= Records =
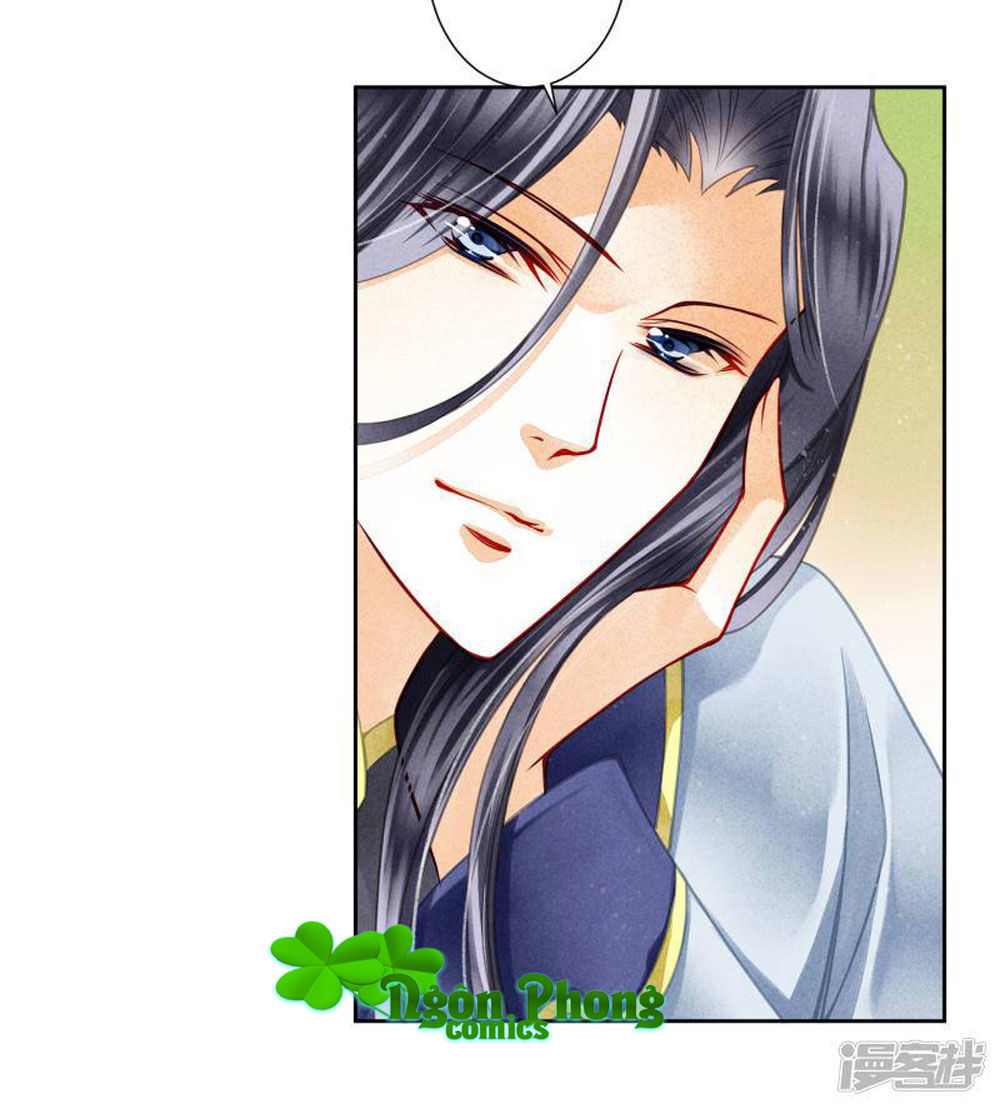 Ái Thượng Vô Địch Tiếu Hoàng Hậu Chapter 58 - 40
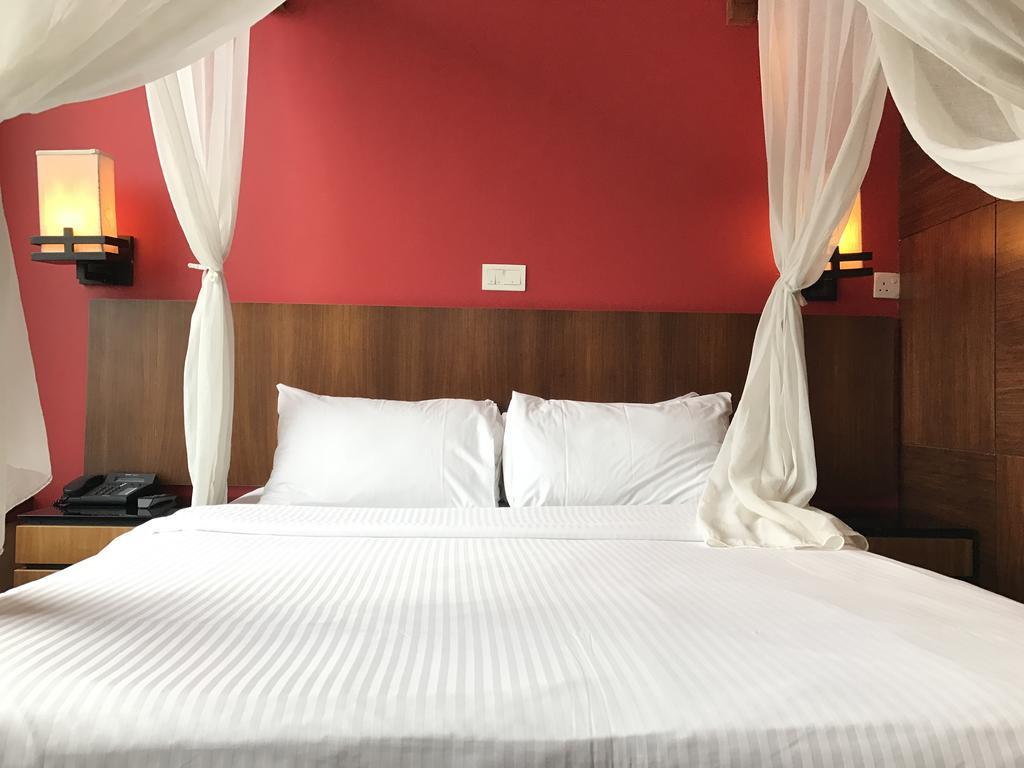 Resort Siloso - Sentosa 4*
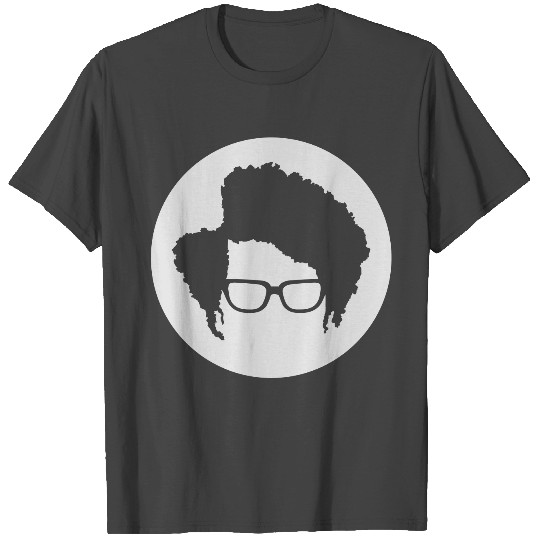 Nerd Style like Moss T Shirts
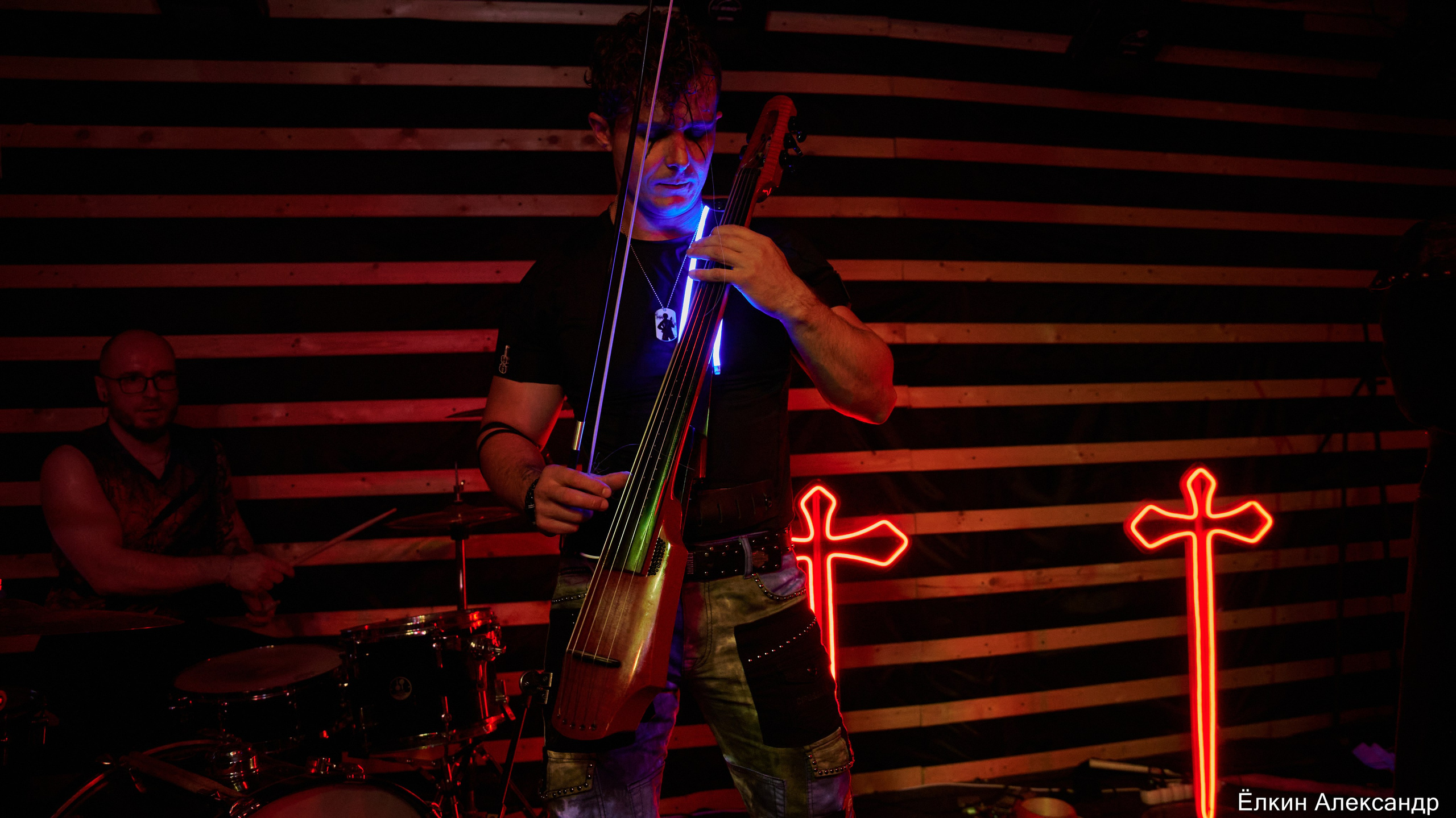 OTTO DIX Омск 18.10.24 ХХ ЛЕТ. Ёлкин Александр Фотограф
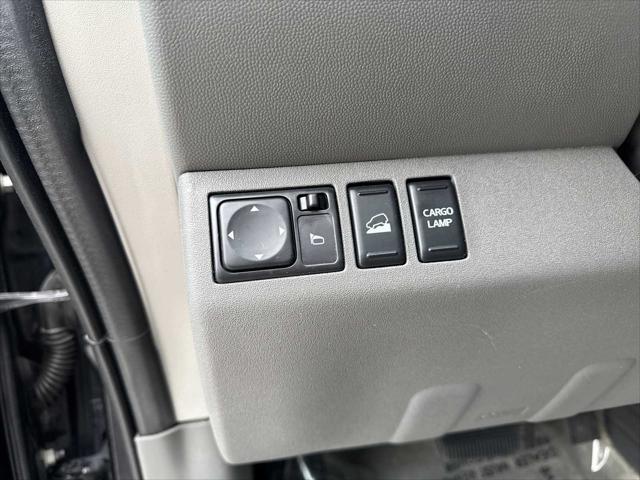 used 2018 Nissan Frontier car, priced at $18,990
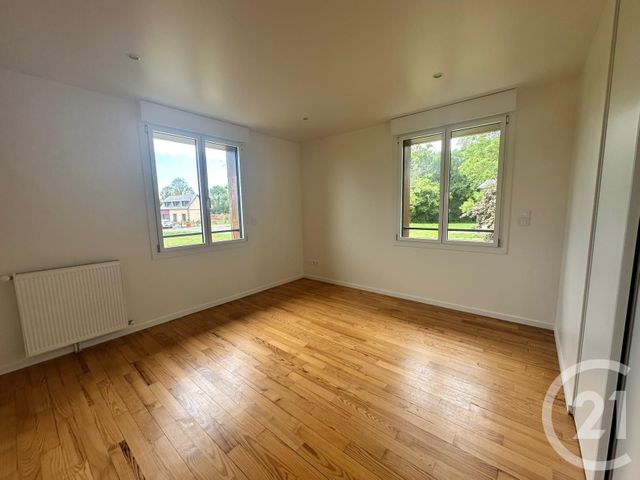 maison à louer - 4 pièces - 107.0 m2 - AUBERVILLE - 14 - BASSE-NORMANDIE - Century 21 Bagot Immobilier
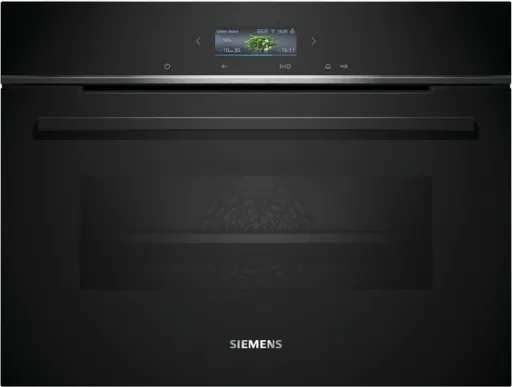 SIEMENS - Forno Compacto IQ700 CB774G1B1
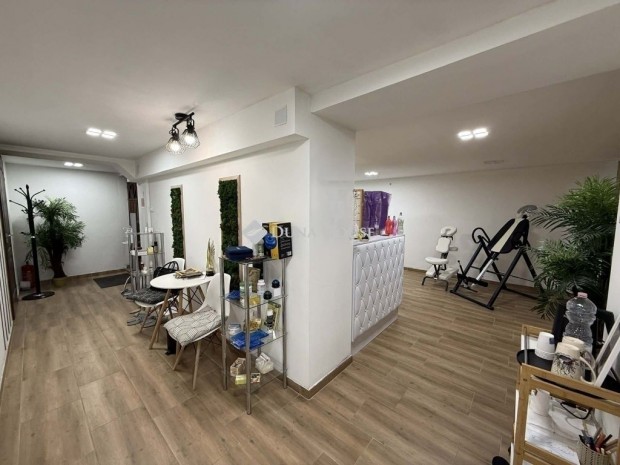 In�rcsi 293 nm-es h�z elad�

= What to do =
Leaving out each picture, repeat exactly the lines above from the one that contains "Resort Siloso - Sentosa 4*" through the one that contains "SIEMENS - Forno Compacto IQ700 CB774G1B1".

= Output for this exercise =
 Resort Siloso - Sentosa 4*
 Nerd Style like Moss T Shirts
 OTTO DIX Омск 18.10.24 ХХ ЛЕТ. Ёлкин Александр Фотограф
 used 2018 Nissan Frontier car, priced at $18,990
 maison à louer - 4 pièces - 107.0 m2 - AUBERVILLE - 14 - BASSE-NORMANDIE - Century 21 Bagot Immobilier
 SIEMENS - Forno Compacto IQ700 CB774G1B1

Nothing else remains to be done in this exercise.